Only one stretch of the data below is needed. Output the lines from the one with "王者荣耀狂铁怎么搭配铭文出装" up to and including the one with "听书小说免费听言情小说", exactly as they stand.

*RECORDS SUPPLIED*.

● ● ● ● ● ● ●

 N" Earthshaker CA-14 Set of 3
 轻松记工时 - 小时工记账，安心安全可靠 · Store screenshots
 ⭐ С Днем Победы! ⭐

● ● ● ● ● ● ●

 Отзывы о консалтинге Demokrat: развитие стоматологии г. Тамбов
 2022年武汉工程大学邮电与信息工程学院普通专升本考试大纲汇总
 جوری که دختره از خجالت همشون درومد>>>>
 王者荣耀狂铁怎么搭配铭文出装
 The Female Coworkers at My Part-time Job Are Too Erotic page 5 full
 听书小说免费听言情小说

● ● ● ● ● ● ●

*OUTPUT OF THE TASK*.
 王者荣耀狂铁怎么搭配铭文出装
 The Female Coworkers at My Part-time Job Are Too Erotic page 5 full
 听书小说免费听言情小说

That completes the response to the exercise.